255. Погребальные шествия
Перейдем теперь к более мрачным краскам, — пора! Все меняется, все проходит с устрашающей быстротой; об этом возвещает погребальный звон колоколов. Все это население вскоре истлеет в гробах; они открыты, они ждут своих жертв; покойницкие полны; известно, что число жертв никогда не уменьшится. Ежедневный опыт показывает, что смерть наносит быстрые и неожиданные удары, но нет другого города, где бы зрелище смерти производило меньшее впечатление. К похоронам здесь привыкли; тому, кто желает быть оплаканным после смерти, не следует умирать в Париже. Здесь на погребальное шествие смотрят вполне равнодушно.
Священники и могильщики рассчитывают на правильную периодичность смертей; они знают месяцы и времена года, когда погребальный звон должен раздаваться в воздухе особенно часто; знают, когда двухфунтовые восковые свечи будут особенно раскупаться в бакалейной лавке. Специальные глашатаи, извещающие о таких событиях, приезжают из окрестностей и заранее развертывают мрачный список. Могилы вырыты и зияют.
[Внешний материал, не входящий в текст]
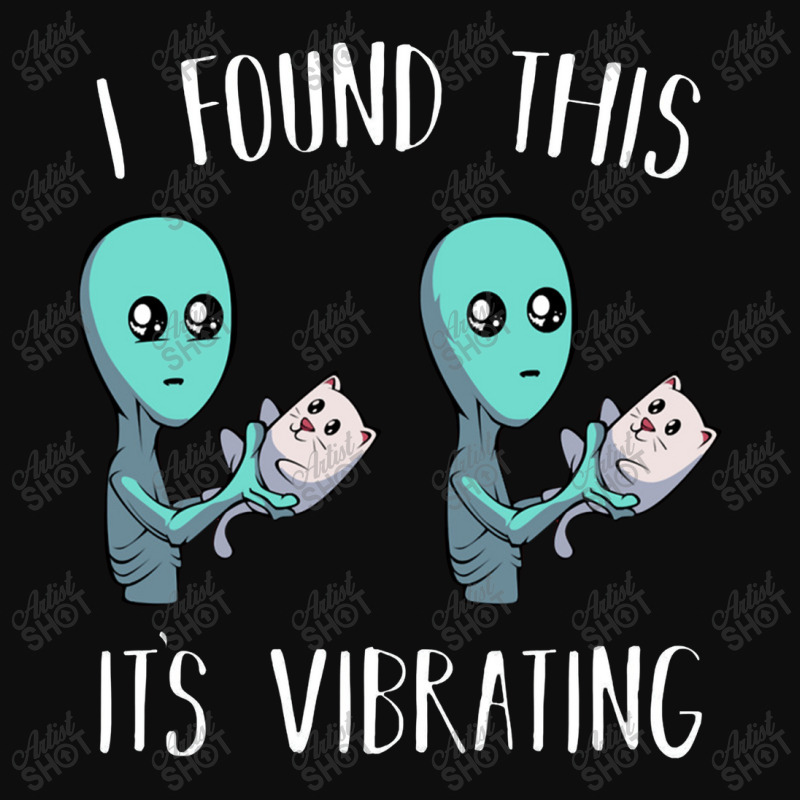 I Found This It's Vibrating Alien With Vibrating Cat Pullover Crop Top by hajarbor | Artistshot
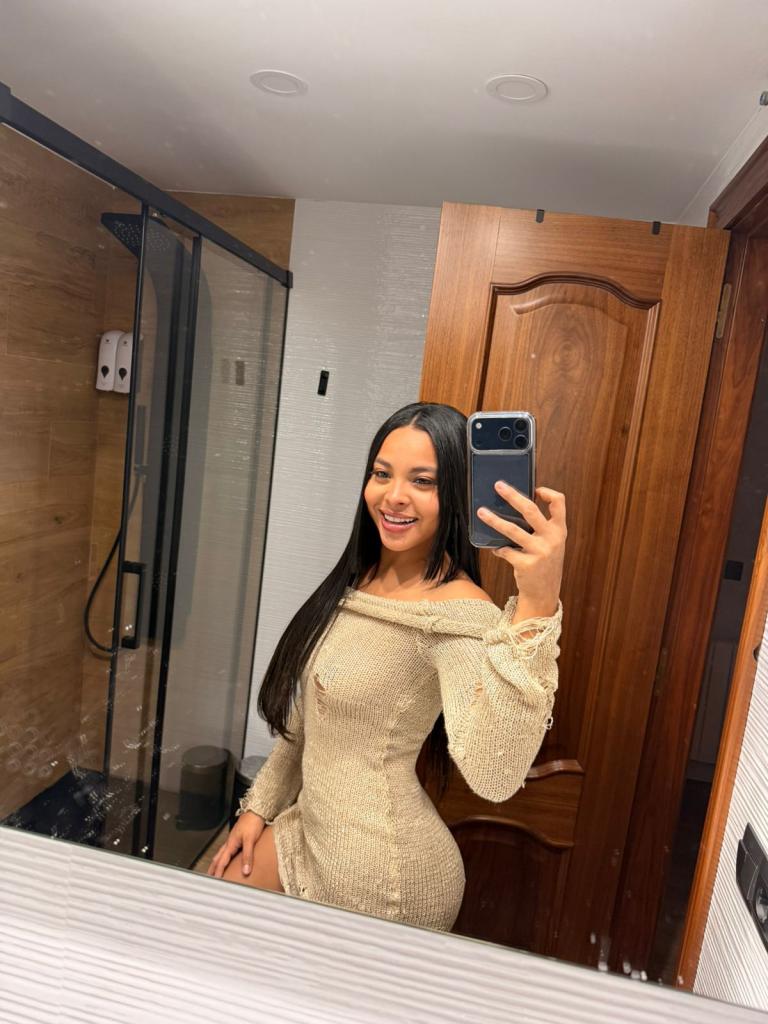 614911579: Chica busca chico en Salamanca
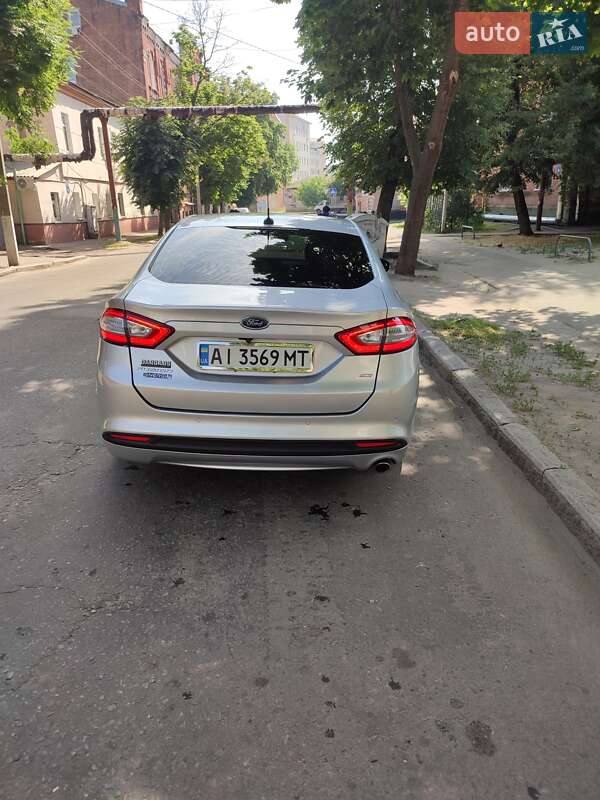 Седан Ford Fusion 2016 в Харкові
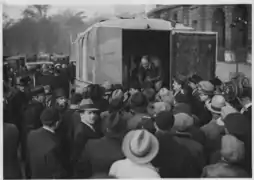 Arrivée de l'Ouvège à la place de la Concorde, 29.12.1932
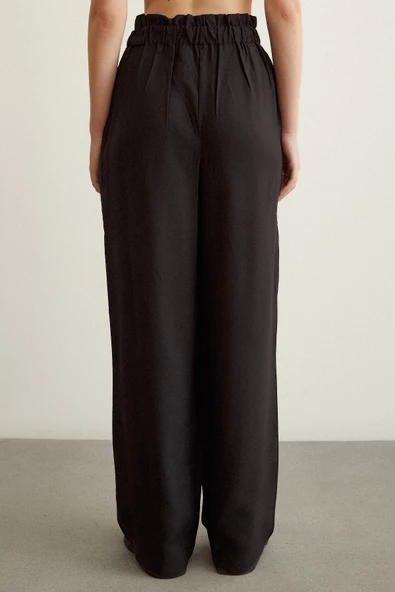 Beli Lastikli Düğme Detaylı  Pileli Pantolon Siyah - Resim 3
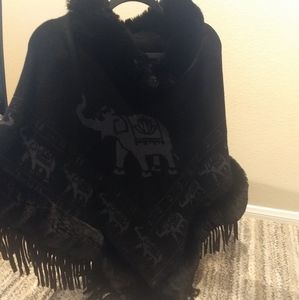 Elephant fringe poncho elegant in black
Плотники, изготовляющие нам последнее одеяние (нашу летнюю и зимнюю одежду, — как сказал Ла-Фонтен), получают заказы от церквей доставить побольше гробов. Священники и приходские советы подсчитывают, сколько дохода принесет им смертность.
В светских кругах повторяется слово в слово диалог из старинной басни, включенный впоследствии в комедию Кружок{88}: «Господин такой-то умер… режу в червях». — «Очень жаль… Вы играете в трефах, сударыня…» — «Это был порядочный человек; от чего он умер?» — «Бубны… Он ухитрился умереть внезапно». И партия продолжается; лица попрежнему безучастны. Для вида хмурят брови, но сердца остаются холодными. Такое же равнодушие ждет и эти равнодушные существа.
Следовало бы, подобно древним, завести наемных плакальщиков, раз сами мы уже не проливаем ни единой слезы, хороня родных или близких… Человек узнает о том, что жена его только что утопилась; он топает ногой и говорит: Какая неприятность!